No rational person would argue that coaches are playing the kids who they DON'T believe put the team in the best position to win. What many posters believe, myself included, is that the coaches aren't right about who puts the team in the best position to win.
The evidence is pretty compelling that they consistently play the kid with more experience over the kid with less, regardless of the potential differential. Clark is better than Gaynor, JW and Kinchens are better than Hall and Bolden, K Smith and Restrepo are better than Wiggins and Pope, and most likely were last year, as well, but we rarely saw them. Taylor needed to be worked in earlier, as did Chantz. As do Chase Smith, Cave and especially Arroyo.
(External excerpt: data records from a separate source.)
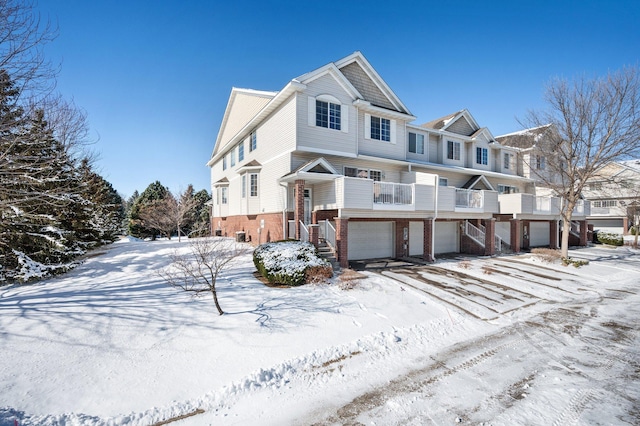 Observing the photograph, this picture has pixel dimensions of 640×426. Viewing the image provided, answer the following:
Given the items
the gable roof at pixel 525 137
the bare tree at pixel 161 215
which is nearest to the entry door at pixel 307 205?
the gable roof at pixel 525 137

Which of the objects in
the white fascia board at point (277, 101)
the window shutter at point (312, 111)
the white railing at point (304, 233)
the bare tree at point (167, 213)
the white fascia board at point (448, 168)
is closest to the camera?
the white railing at point (304, 233)

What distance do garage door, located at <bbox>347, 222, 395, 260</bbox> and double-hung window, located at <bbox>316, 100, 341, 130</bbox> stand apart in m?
5.78

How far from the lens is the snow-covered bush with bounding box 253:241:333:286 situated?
10250 mm

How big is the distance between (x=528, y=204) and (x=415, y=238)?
8.79 meters

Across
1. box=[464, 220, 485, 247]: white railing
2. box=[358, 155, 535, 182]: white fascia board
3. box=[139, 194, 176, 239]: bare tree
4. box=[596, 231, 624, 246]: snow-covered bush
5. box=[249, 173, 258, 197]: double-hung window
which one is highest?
box=[358, 155, 535, 182]: white fascia board

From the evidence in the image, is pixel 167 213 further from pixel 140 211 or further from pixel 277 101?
pixel 277 101

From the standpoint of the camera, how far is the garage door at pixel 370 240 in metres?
17.3

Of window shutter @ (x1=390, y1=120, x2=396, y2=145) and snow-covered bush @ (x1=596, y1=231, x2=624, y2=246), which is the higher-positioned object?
window shutter @ (x1=390, y1=120, x2=396, y2=145)

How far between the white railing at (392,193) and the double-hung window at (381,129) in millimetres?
4489

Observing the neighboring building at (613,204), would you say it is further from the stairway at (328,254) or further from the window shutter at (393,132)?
the stairway at (328,254)

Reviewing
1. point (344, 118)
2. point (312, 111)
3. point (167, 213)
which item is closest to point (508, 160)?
point (344, 118)

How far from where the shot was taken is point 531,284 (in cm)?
1261

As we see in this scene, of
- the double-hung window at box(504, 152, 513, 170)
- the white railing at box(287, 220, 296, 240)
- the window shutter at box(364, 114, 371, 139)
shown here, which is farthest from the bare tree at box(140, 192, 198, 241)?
the double-hung window at box(504, 152, 513, 170)

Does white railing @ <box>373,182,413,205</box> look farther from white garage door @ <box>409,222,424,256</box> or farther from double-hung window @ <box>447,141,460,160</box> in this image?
double-hung window @ <box>447,141,460,160</box> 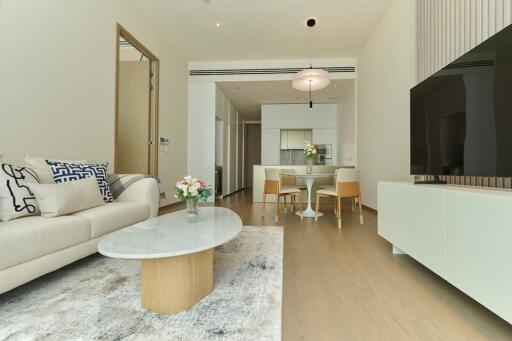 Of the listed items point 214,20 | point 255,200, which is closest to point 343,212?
point 255,200

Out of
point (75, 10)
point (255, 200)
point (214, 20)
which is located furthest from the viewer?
point (255, 200)

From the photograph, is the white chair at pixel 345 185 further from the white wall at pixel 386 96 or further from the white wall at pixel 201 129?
the white wall at pixel 201 129

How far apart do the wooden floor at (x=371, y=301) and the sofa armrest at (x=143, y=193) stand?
59.7 inches

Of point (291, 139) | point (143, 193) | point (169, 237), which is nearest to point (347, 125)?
point (291, 139)

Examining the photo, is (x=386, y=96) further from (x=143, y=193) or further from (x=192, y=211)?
(x=143, y=193)

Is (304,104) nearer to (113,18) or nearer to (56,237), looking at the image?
(113,18)

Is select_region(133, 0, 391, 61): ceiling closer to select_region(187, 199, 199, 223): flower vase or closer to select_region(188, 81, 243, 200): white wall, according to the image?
select_region(188, 81, 243, 200): white wall

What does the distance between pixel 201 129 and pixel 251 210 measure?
2496mm

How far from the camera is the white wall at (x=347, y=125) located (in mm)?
6012

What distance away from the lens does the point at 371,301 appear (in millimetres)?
1488

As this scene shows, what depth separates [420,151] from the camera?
2.26 metres

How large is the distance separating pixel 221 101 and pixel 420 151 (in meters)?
5.25

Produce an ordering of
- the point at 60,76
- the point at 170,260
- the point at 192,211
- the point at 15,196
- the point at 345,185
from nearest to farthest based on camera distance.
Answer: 1. the point at 170,260
2. the point at 15,196
3. the point at 192,211
4. the point at 60,76
5. the point at 345,185

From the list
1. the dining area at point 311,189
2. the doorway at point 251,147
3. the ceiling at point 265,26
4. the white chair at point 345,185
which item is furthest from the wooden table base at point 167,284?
the doorway at point 251,147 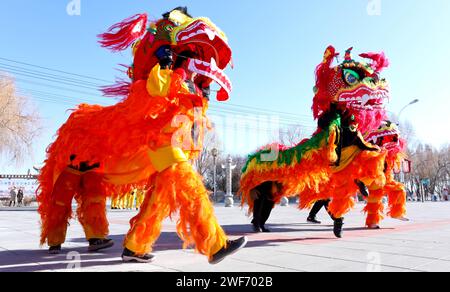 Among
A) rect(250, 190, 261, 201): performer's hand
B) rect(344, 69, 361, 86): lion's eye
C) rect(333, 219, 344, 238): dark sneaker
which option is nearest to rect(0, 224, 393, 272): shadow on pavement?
rect(333, 219, 344, 238): dark sneaker

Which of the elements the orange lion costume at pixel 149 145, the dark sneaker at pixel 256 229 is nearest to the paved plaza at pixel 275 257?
the orange lion costume at pixel 149 145

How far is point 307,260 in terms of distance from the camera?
334cm

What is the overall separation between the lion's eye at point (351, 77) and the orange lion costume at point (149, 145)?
2463 mm

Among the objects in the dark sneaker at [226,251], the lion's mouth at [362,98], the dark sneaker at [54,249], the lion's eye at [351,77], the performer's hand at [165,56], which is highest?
the lion's eye at [351,77]

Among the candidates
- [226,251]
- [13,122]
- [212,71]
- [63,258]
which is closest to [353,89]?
[212,71]

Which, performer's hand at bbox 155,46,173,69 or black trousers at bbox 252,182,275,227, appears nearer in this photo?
performer's hand at bbox 155,46,173,69

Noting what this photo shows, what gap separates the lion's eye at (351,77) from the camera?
17.6ft

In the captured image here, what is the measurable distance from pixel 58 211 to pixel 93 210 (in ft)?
1.03

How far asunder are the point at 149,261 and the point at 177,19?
2045mm

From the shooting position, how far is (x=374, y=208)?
633cm

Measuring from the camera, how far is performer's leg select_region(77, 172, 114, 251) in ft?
12.3

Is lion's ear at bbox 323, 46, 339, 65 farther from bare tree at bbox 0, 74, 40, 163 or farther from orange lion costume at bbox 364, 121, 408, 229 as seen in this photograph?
bare tree at bbox 0, 74, 40, 163

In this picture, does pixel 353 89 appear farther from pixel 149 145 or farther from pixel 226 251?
pixel 226 251

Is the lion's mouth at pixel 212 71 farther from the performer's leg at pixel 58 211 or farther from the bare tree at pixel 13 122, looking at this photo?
the bare tree at pixel 13 122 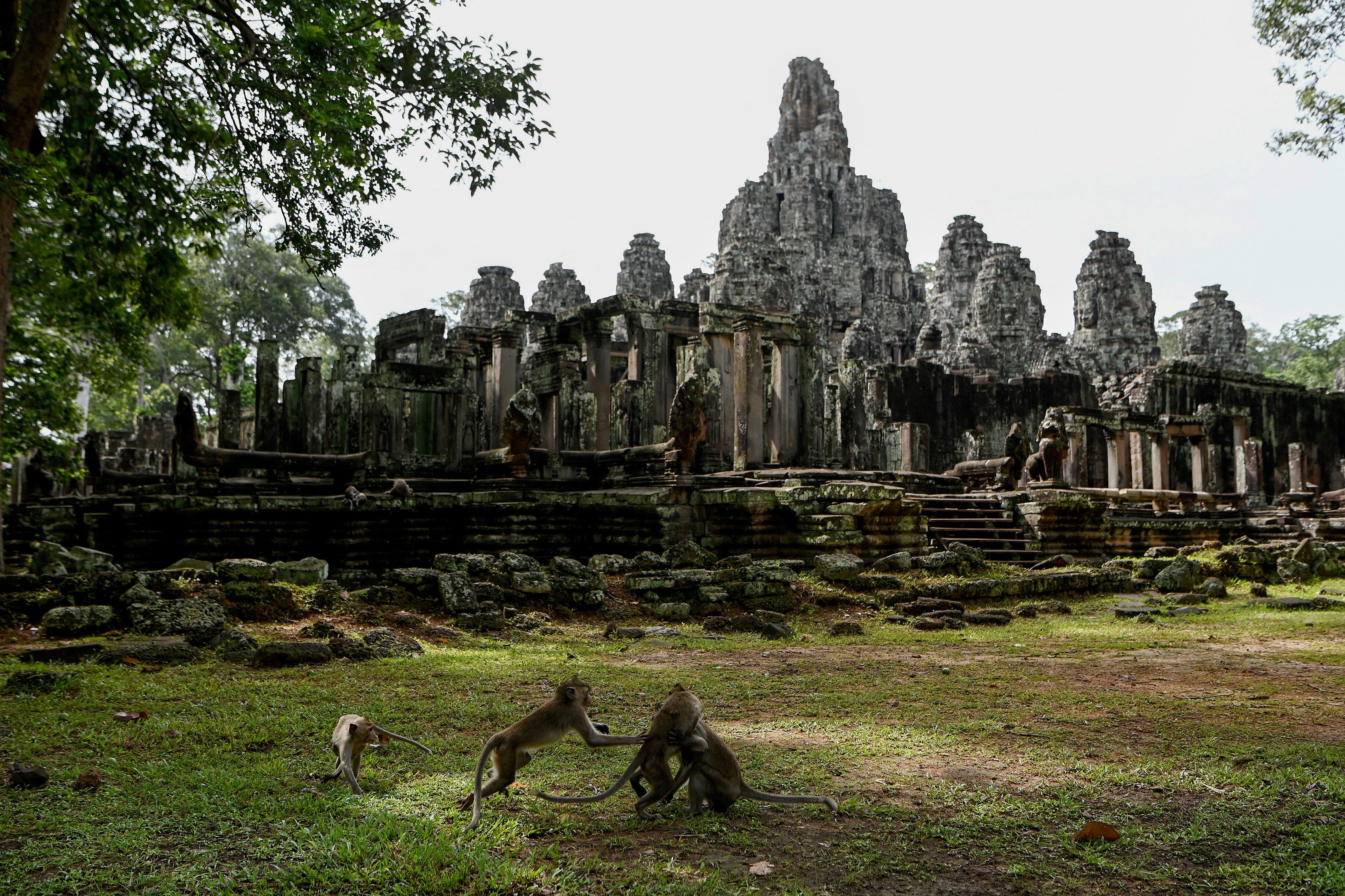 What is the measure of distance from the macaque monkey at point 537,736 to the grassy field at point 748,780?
97 mm

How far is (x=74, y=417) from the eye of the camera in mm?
11648

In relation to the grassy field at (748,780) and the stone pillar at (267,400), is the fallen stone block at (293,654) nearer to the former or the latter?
the grassy field at (748,780)

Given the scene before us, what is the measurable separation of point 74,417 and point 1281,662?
41.1 feet

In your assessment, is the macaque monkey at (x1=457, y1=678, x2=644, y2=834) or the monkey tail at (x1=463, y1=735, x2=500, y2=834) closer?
the monkey tail at (x1=463, y1=735, x2=500, y2=834)

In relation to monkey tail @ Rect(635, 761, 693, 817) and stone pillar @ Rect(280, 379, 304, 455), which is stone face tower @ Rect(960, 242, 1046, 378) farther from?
monkey tail @ Rect(635, 761, 693, 817)

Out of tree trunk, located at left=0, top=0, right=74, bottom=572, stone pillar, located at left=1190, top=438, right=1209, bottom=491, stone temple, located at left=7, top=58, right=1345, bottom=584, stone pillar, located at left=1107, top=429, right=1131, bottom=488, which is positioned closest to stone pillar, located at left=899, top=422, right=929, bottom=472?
stone temple, located at left=7, top=58, right=1345, bottom=584

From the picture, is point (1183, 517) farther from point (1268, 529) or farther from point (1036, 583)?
point (1036, 583)

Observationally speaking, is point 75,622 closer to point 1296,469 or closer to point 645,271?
point 1296,469

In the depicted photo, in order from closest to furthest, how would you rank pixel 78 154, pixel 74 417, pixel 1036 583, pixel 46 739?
pixel 46 739, pixel 78 154, pixel 1036 583, pixel 74 417

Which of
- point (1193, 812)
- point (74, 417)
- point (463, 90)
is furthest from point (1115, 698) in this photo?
point (74, 417)

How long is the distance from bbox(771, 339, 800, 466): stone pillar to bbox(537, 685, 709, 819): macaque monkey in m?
15.1

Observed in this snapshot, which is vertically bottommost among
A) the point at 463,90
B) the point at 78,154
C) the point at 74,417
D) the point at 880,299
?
the point at 74,417

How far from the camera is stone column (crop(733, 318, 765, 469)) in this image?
17.6 metres

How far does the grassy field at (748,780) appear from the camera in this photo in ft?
8.86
The thing all these guys have in common is they sat / are sitting too long because the guy in front of them had more experience and the coaches trusted that more than testing their potential. Was that good judgment?
Thad Franklin may have come in overweight, out of shape, with poor blocking fundamentals. I love what Hickson has done, don't get me wrong. But it's on him to deal with that situation both pre-matriculation and once the kid is on campus. What is the program paying him and Feeley to do if not find and develop the best players? And it's definitely on him and Lashlee to figure out how to work one of our most gifted young talents into an offense that desperately needs a short-yardage back. Franklin naturally is that guy. If he's not seeing those snaps, it's the coaches fault IMO.